Exercise goal: A stretch of the entries below is to be set down exactly, running from the line with "CrocoSlots Casino Big Bamboo slot" through the line with "Read My Ex, Client", both included, and no other line.

Information shown:
○ ○ ○ ○ ○ ○ ○
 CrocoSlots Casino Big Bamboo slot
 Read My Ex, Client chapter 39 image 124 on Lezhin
○ ○ ○ ○ ○ ○ ○
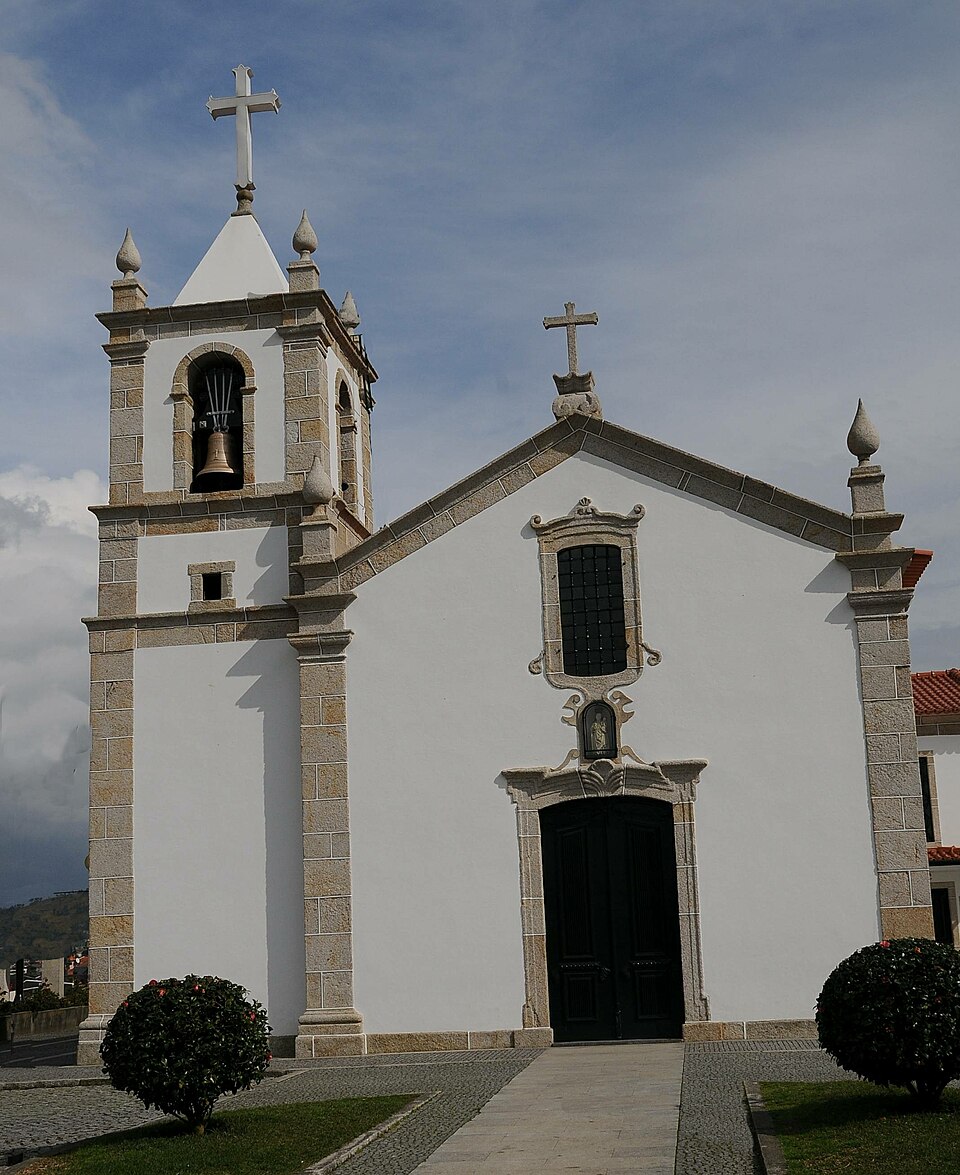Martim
○ ○ ○ ○ ○ ○ ○
Exercise result:
 CrocoSlots Casino Big Bamboo slot
 Read My Ex, Client chapter 39 image 124 on Lezhin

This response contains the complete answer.